Golkar Bekasi Ragukan Jumlah PK Yang Ajukan Mosi

BEKASI-DPD Partai Golkar Kabupaten Bekasi angkat bicara soal adanya mosi tidak percaya dari 15 Pengurus Kecamatan (PK) yang menganggap kepengurusan tingkat Kabupaten Bekasi loyo dalam menjalankan organisasi kepartaian.

Wakil Ketua Bidang Pemenangan Pemilu DPD Partai Golkar Kabupaten Bekasi, Arif Rahman Hakim mengaku ragu jika sebanyak itu PK yang melakukan mosi tidak percaya, sebab sejauh ini ada sekitar 7 PK yang masih menjabat sebagai Plt. Ia pun menambahkan, apa yang menjadi tuntutan para PK tidak mendasar karena berbagai kegiatan kemasyarakatan gencar dilakukan terutama dalam hal penanganan Covid-19.

“Soal PK yang membuat mosi tidak percaya, saya ragu sebanyak itu.

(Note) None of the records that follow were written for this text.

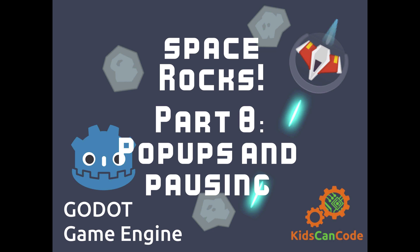Welcome to part 8 of Space Rocks, the Godot Engine game tutorial where we're making a full asteroid style game. This time we're going to do a little more work on the HUD, adding a pop-up message for announcing level transitions and things like that, and we're also going to script a simple pause function. Okay, let's get started.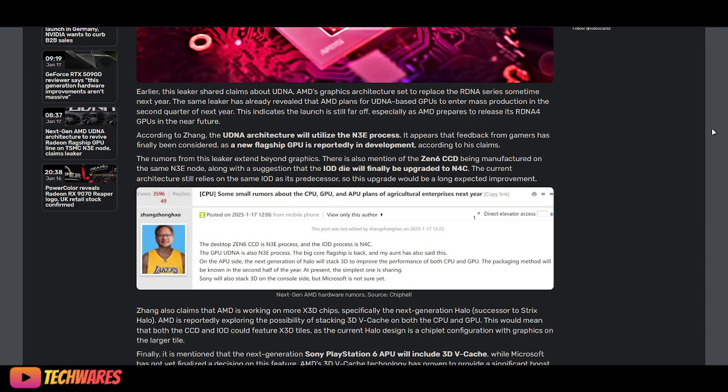This indicates the launch is still far off. If they're going to mass production second quarter of next year, the launch should be third quarter, fourth quarter. So yeah, still many months, long time, far off.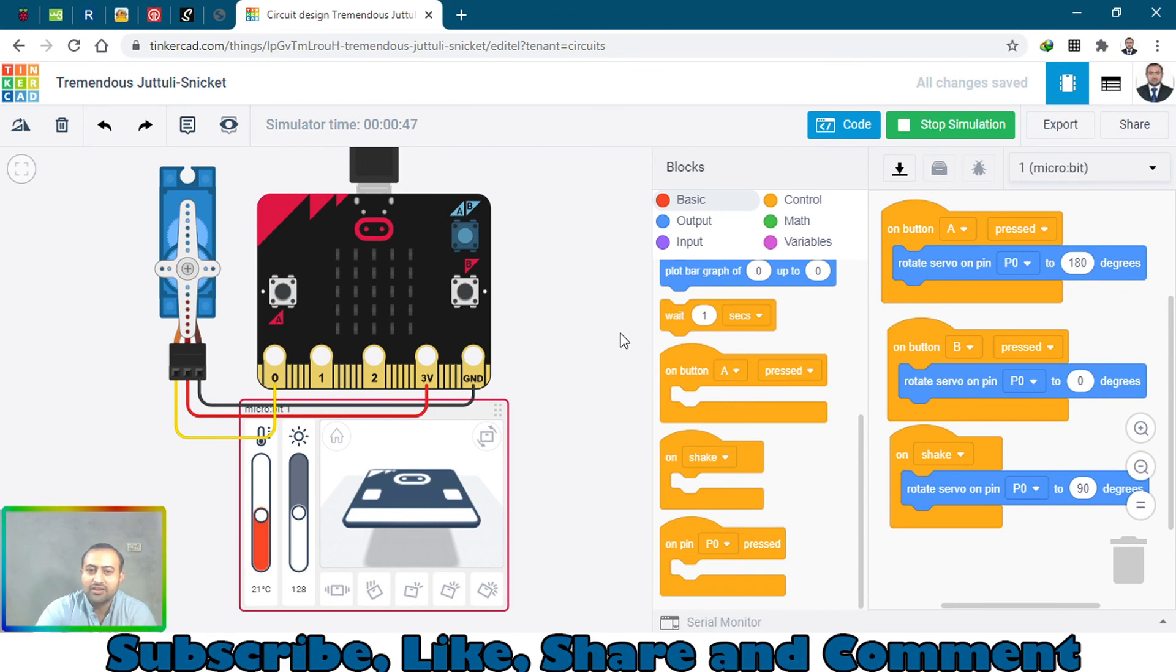Subscribe to my channel and give a like to this video if you liked it, and press that bell icon so that you can get the future notification.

Karena, ada sekitar 6 sampai 7 PK yang menjadi Plt. Padahal, sebagai bagian dari rasa peduli Ketua DPD Pak Eka Supria Atmaja kepada PK, ia buat kebijakan memberikan intensif bantuan senilai Rp 1 Juta perbulan per PK. Waktu Idul Adha kemarin, Ketua DPD pun menyalurkan bantuan hewan qurban Kambing satu ekor per-PK,” bebernya, dilansir dari rmoljabar.id, Rabu (26/8).

“Terus, parameter loyonya itu dari mana. Selama ini kita melakukan kegiatan – kegiatan dalam hal membantu penanganan Covid-19. Seperti pembagian masker, Hand Sanitizer, pembagian sembako dan lain sebagainya. Memang agenda kepartaian belum kita laksanakan. Seperti pelantikan, Rapim, dan Rakerda, masalahnya karena saat ini masih terkendala Covid, PSBB yang melarang kerumunan,” imbuhnya.

Meski belum dilantik, namun secara De Facto dan De Jure kepengurusan DPD Partai Golkar Kabupaten Bekasi periode 2020 – 2025 sudah bisa menjalankan roda organisasi lantaran telah memiliki Surat Keputusan (SK) dari DPD Partai Golkar Jawa Barat yang dikeluarkan tertanggal 19 Mei 2020.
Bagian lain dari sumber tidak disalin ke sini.